Shell, the second largest of the western world oil "majors" behind Exxon Mobil, said earnings fell to around $5.7 billion from $6.6 billion a year ago on a current cost of supply basis adjusted for special items.
Analysts had predicted around $6.3 billion.
The miss was primarily due to maintenance costs and shutdowns in the U.S. Gulf, where the company has some of its most profitable production, and in Australian Liquefied Natural Gas.
Chief Executive Peter Voser told Reuters Insider the profit miss included about $500 million of costs associated with these factors.
Like its rivals, Shell is battling resource nationalism and competition from Asian rivals to keep growth going, and has to keep one eye on a volatile oil price.
Last week it lost out to much smaller state-owned Thai company PTT in its attempt to add gas reserves for future liquefied natural gas (LNG) production, pulling out of a potential auction for Cove Energy to avoid overpaying.
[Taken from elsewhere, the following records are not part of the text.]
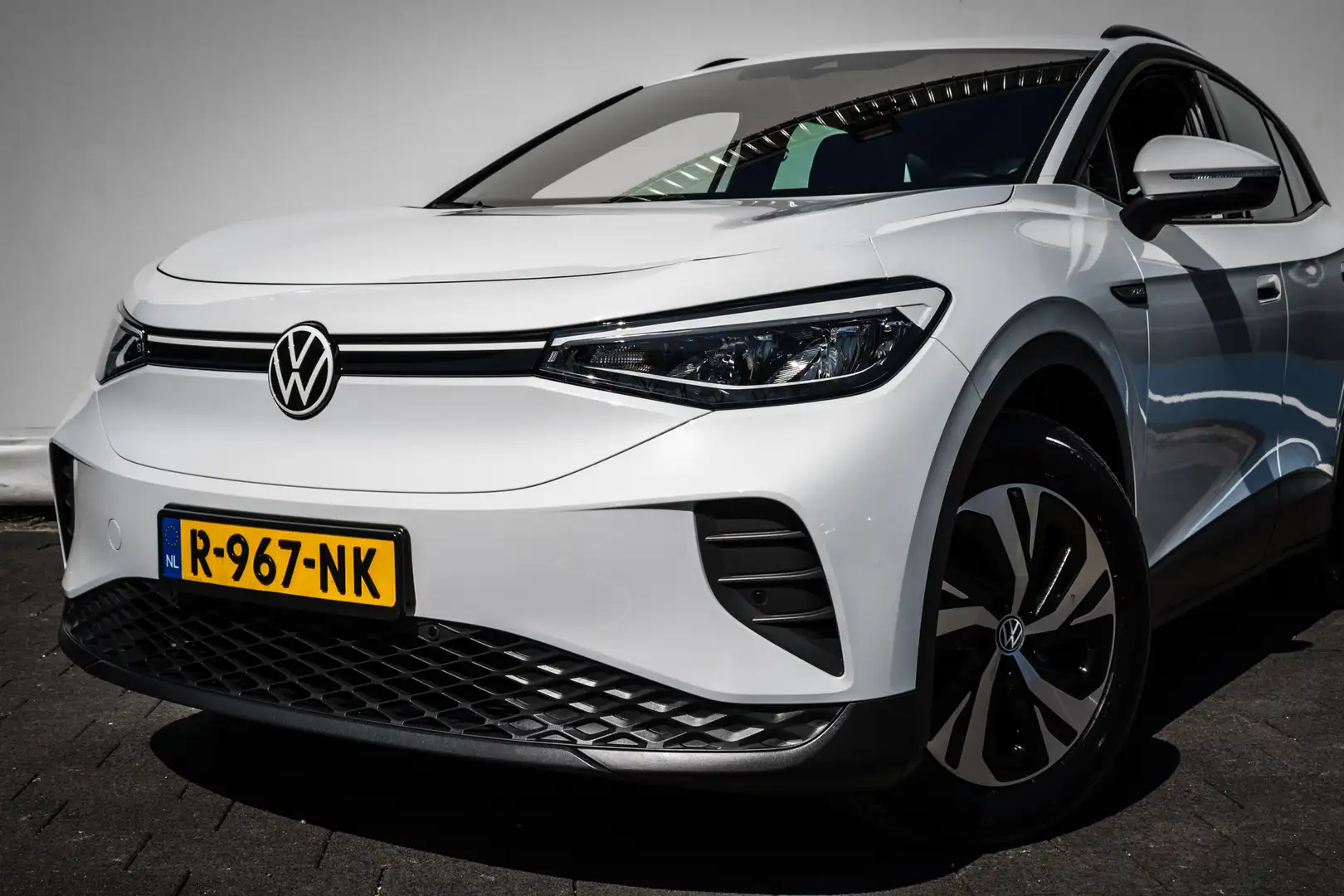 Volkswagen ID.4 Pure 52 kWh Navigatie/ Carplay/ Stoel-stuurverwarm Wit - 2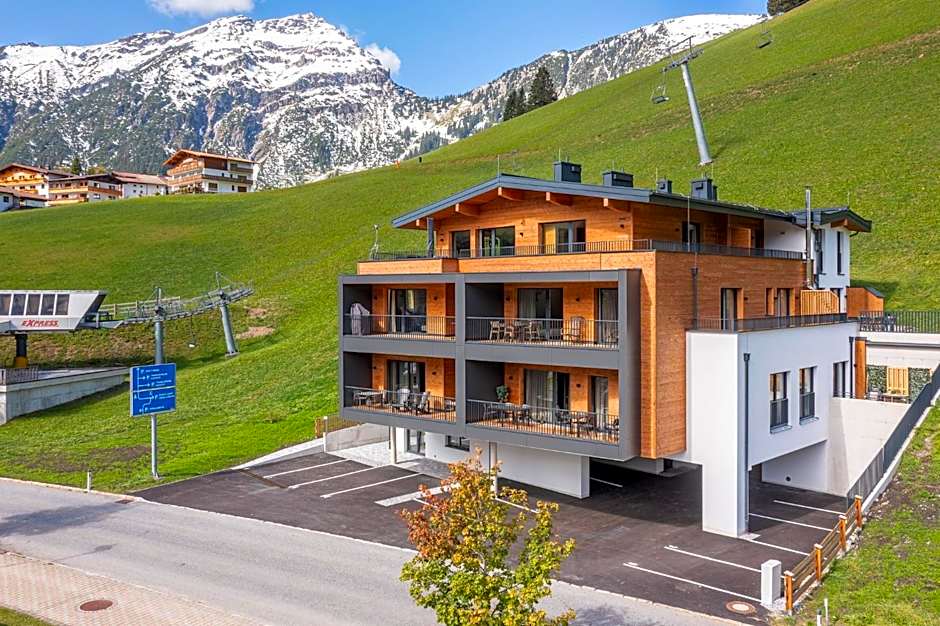Alpenzauber Apartments by Monteviva
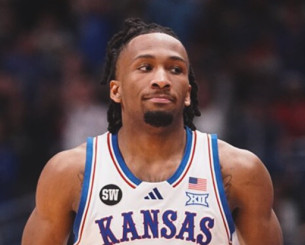 Σταρ του NCAA αφήνει στην άκρη το... όνειρο του ΝΒΑ: «Ίσως επιστρέψω στο Κολέγιο»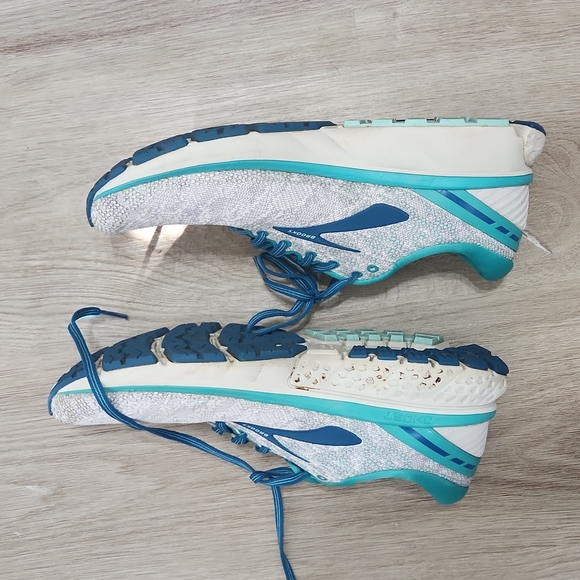 "SOLD" Brooks ghost shoes - Picture 5 of 6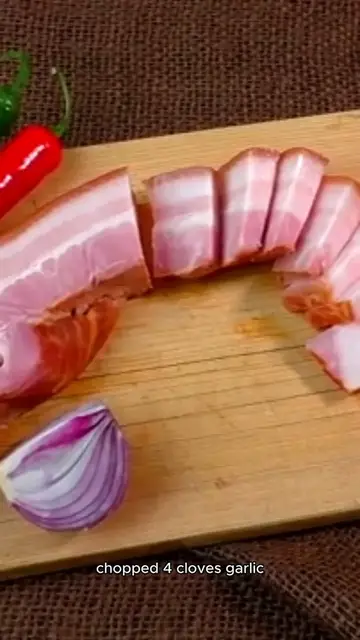 Video thumbnail for recipe for olive garden's zuppa toscana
Some 72 percent of Cove shareholders had accepted PTT's offer by Thursday.
"Our industry continues to see significant energy price volatility as a result of economic and political developments," said Voser in the earnings statement. "Shell is implementing a long-term, consistent strategy against this volatile backdrop."
MOTIVA COSTS STILL UNKNOWN
Crude refining industry eyes are firmly fixed on Shell's giant 600,000 barrels a day Port Arthur, Texas, refinery, owned jointly with Saudi state company Saudi Aramco through the Motiva venture.
It has been shut since a week after it opened in April this year after extensive corrosion was found.
Voser repeated that it should restart by 2013, but he was unable to put a figure on the likely cost.
"We need to fix this and this will take us in to 2013. We don't know yet how much (of the refinery) we will have to replace and we don't know how much this is going to cost us but we should be able to update on that later in the year," he told Reuters Insider.
Shell shares fell 3.4 percent to 2,113 pence in morning trading but traders said the weaker-than-expected result should not be too badly received by investors.
"We still see value in RDS that has the unique ability to be well-positioned in an industry where margins are decreasing," said Atif Latif, director of Guardian Stockbrokers.
Shell's smaller European rival Statoil also missed market forecasts with its second-quarter figures, although it managed to increase profit.
British gas and oil firm BG Group reported a 4 percent fall in quarterly profit and downgraded its 2012 production forecasts, due to difficulties in the North Sea and its reduced activity in the U.S. shale gas market.
But Spain's Repsol posted a 27 percent rise in second-quarter adjusted net profit, due to higher output from Libya and higher gas realization prices from the start-up of the Margarita oil field in Bolivia.